(Stored items from a collection)
BEGIN
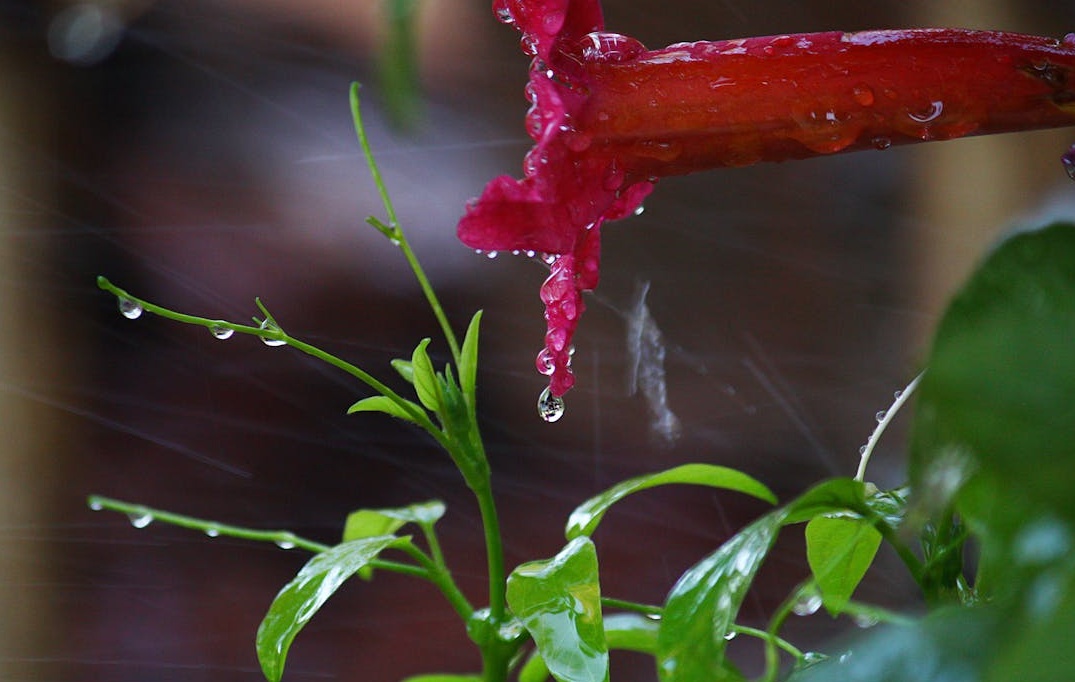 手机屏幕上展示各种社交媒体图标，象征多平台推广Discord服务器，助力成员增长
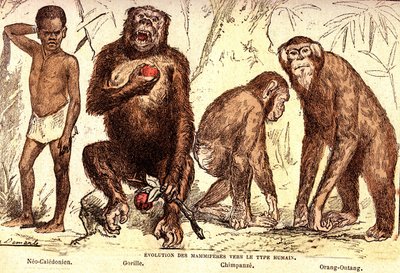 Evolusjon av pattedyr til mennesketypen: Naturlig skapelse og levende vesener (De Jules Rengade). Tegning av A. Demarle. 1885 av Alphonse Demarle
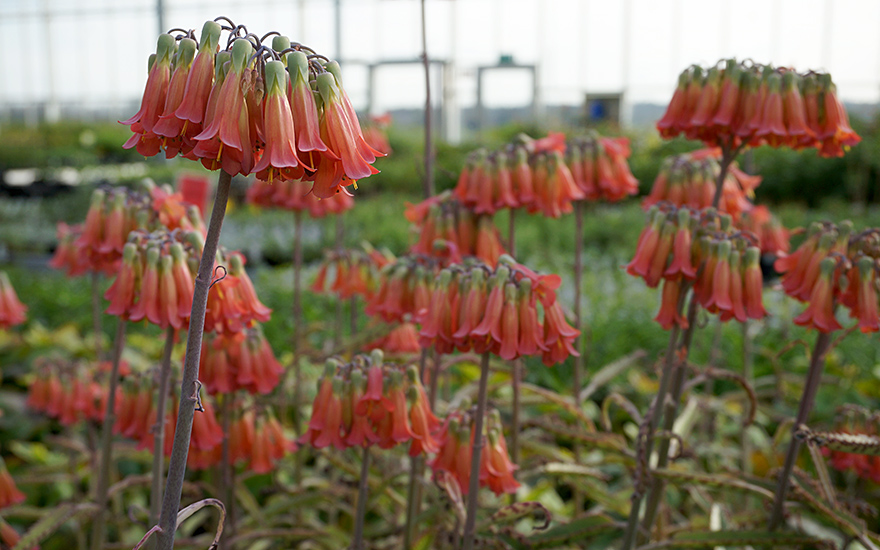 Brutblatt (Goethe-Pflanze) (Pflanze)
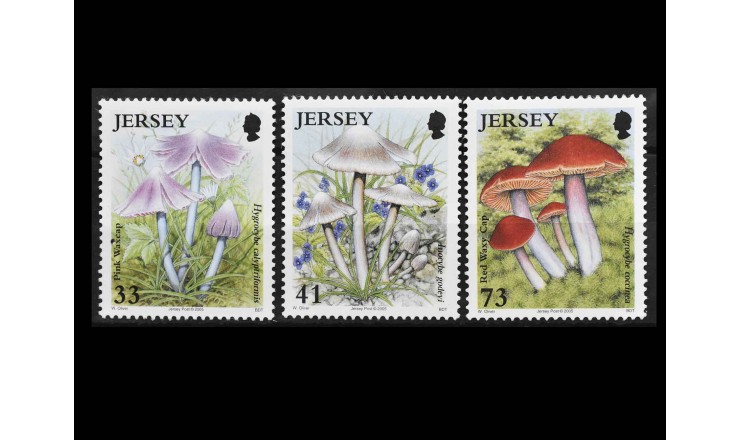 Джерси 2005 г. "Грибы"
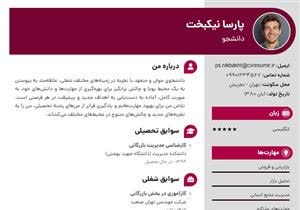 نمونه طراحی رزومه برای شرکت و کارجویان
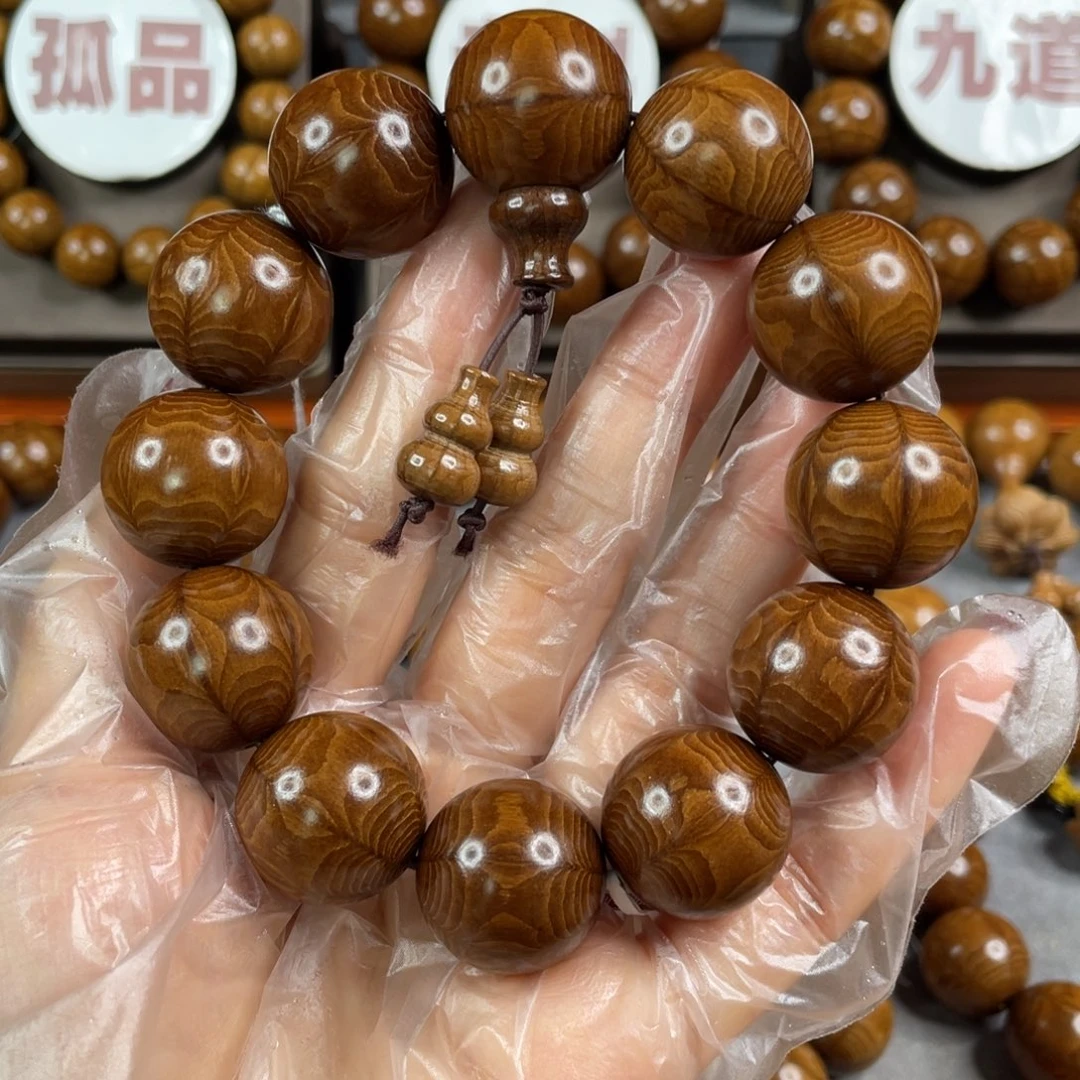 六道木枯树， 毕业2.0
END
| YOUR ASSIGNMENT |
Once the line holding "Brutblatt (Goethe-Pflanze) (Pflanze)" is found, set down that line and every line after it, exactly, through the last line of the records above, omitting pictures.

| ANSWER BOX |
 Brutblatt (Goethe-Pflanze) (Pflanze)
 Джерси 2005 г. "Грибы"
 نمونه طراحی رزومه برای شرکت و کارجویان
 六道木枯树， 毕业2.0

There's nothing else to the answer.